こうしたなか、青森市で街頭活動が行われ、学生たちが支援を呼びかけています。

「みなさまのあたたかいご理解とご協力をよろしくお願いします」
街頭活動は、毎年春と秋に行われていて、2026年は全国120か所で事務局に入っている学生や、自らも奨学金を受けた学生らが参加し、支援を呼びかけています。

青森駅前ではこの日、市内2つの高校からボランティアの生徒たち6人が参加。事務局の学生が呼びかけ方や注意点などを丁寧に教え、13人で街頭に立ちました。

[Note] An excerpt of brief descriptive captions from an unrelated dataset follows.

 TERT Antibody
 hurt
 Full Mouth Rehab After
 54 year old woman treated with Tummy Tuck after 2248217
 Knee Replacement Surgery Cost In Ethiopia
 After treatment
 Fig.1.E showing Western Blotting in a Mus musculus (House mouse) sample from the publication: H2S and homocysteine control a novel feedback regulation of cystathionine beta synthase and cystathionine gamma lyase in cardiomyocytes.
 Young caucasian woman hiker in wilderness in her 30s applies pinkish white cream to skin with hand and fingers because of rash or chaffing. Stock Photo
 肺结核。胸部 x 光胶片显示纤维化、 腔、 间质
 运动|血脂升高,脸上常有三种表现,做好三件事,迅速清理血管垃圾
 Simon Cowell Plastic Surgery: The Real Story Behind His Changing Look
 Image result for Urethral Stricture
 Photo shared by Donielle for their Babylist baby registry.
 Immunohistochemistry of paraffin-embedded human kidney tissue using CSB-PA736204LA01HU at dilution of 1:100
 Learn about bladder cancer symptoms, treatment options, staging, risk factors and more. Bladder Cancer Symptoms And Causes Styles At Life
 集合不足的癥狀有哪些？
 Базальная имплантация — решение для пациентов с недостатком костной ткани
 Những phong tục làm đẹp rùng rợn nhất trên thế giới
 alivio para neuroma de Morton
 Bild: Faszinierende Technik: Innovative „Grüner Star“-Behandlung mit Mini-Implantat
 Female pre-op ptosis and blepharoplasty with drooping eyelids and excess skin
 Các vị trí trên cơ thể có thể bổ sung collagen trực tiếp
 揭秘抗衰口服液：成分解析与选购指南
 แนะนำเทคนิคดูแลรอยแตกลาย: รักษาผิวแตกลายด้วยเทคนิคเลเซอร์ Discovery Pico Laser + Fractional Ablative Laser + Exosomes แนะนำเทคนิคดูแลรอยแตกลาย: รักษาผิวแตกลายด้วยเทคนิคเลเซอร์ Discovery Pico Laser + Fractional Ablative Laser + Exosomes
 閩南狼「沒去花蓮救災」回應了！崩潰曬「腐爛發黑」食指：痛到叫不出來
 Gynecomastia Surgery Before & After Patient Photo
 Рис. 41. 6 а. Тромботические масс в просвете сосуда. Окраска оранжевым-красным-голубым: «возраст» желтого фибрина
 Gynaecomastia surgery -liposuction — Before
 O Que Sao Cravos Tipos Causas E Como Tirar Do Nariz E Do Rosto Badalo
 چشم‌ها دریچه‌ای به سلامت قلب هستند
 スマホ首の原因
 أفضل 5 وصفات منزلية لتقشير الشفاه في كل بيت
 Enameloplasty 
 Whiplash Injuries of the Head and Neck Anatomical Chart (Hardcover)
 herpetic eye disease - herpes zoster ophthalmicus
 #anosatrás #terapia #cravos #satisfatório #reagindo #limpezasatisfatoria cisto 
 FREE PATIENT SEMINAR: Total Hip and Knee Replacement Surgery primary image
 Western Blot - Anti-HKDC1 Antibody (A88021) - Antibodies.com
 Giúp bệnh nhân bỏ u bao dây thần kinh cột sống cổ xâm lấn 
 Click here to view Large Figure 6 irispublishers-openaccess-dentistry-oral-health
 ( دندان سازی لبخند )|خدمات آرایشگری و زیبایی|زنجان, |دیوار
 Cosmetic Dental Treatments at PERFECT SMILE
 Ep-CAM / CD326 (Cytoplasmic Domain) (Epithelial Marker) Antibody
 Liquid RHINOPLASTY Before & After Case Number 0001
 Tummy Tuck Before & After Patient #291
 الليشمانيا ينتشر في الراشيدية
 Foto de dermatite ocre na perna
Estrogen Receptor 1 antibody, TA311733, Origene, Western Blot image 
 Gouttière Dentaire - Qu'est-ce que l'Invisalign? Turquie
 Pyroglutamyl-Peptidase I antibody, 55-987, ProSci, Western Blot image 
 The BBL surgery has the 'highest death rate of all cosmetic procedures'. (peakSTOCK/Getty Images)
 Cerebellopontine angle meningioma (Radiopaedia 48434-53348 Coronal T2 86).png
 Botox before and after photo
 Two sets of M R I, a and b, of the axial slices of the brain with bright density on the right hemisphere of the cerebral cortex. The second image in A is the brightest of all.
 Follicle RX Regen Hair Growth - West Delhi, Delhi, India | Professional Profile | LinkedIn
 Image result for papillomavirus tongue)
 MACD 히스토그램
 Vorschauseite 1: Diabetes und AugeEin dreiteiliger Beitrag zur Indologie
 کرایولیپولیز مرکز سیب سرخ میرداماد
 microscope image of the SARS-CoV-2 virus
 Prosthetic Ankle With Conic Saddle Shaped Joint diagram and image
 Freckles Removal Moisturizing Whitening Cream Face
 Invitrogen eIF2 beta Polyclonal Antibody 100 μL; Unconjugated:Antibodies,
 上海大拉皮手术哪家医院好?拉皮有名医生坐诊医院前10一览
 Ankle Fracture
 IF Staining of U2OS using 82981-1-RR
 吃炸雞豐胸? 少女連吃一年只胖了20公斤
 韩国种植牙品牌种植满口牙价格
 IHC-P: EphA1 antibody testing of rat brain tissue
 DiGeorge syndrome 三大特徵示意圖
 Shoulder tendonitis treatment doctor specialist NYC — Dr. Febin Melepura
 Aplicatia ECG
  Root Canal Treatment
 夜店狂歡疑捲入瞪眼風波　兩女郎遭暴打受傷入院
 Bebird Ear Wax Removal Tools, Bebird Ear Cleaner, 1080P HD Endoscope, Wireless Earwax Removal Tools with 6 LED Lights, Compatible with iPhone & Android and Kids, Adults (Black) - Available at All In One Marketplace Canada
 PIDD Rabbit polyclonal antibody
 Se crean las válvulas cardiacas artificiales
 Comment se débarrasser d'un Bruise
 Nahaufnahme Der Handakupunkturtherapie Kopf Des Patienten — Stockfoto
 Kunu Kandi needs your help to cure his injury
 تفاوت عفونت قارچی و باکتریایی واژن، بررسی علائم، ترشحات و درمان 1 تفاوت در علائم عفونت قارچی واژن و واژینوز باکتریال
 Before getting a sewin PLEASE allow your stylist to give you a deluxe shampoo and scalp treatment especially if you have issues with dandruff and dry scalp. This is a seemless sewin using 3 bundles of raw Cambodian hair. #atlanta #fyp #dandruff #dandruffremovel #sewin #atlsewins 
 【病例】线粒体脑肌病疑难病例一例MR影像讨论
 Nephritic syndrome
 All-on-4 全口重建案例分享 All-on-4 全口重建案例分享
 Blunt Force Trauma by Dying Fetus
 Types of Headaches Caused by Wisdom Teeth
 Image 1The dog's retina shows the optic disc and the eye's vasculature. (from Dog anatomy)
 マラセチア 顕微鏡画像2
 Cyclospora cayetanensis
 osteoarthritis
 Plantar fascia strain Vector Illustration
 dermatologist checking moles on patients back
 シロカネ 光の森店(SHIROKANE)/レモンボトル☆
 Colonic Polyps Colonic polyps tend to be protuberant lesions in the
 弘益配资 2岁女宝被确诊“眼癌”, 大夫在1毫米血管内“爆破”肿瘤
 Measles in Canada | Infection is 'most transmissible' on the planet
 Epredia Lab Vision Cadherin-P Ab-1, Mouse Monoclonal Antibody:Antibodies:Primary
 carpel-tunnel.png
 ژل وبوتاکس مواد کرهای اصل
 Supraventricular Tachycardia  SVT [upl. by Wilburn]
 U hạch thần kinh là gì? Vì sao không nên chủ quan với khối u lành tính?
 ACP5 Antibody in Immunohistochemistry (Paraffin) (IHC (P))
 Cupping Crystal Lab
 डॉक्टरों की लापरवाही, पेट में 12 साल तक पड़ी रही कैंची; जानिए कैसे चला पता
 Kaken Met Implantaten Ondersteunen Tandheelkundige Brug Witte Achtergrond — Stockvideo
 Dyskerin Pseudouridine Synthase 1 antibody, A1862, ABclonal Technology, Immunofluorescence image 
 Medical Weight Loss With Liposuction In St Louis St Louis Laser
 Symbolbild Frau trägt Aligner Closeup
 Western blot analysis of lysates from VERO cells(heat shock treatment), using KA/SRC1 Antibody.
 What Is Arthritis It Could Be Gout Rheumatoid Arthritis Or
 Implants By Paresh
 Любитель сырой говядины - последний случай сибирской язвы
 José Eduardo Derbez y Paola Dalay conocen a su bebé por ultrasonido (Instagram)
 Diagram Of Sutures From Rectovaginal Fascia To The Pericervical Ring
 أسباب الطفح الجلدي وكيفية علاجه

このうちの1人、弘前大学2年の三上優佳奈さんは小学生の時、父親が病気で働けなくなり、高校は「あしなが育英会」から奨学金の給付を受けて進学。その後、大学へ行くこともできました。

弘前大学2年 三上優佳奈さん
「受験勉強の時期も、寒いなか暖房費をかけないように勉強したりした時期はありました。一人一人の支えが未来ある子どもたちの大きな力になると心から思っておりますので、ぜひご協力いただけたらと思っている」

学生たちの呼びかけは道行く人たちに届き、善意が寄せられました。

募金した人
「見つけたら募金はするようにしています」

募金した人
「少しでも足しになればいい」

近年は物価高が進み、困窮する世帯はさらに厳しさを増しています。

県代表を務める青森大学3年の津島光祈さんは、母子家庭で育ち、裕福ではなかった自身の経験を踏まえ、2025年から活動に参加しています。

あしなが学生募金事務局 青森県代表 津島光祈さん
「遺児家庭や障害者家庭が抱えている働く馬力が少ないことによる貧困問題は、私自身も実感している。理解への第一歩につながるのが、すごく大きな意義だと考えています」

昨年度の県内の募金総額は約116万円で、東北の中では下から2番目。
認知度を上げるためにも学生たちは街頭に立ち続けます。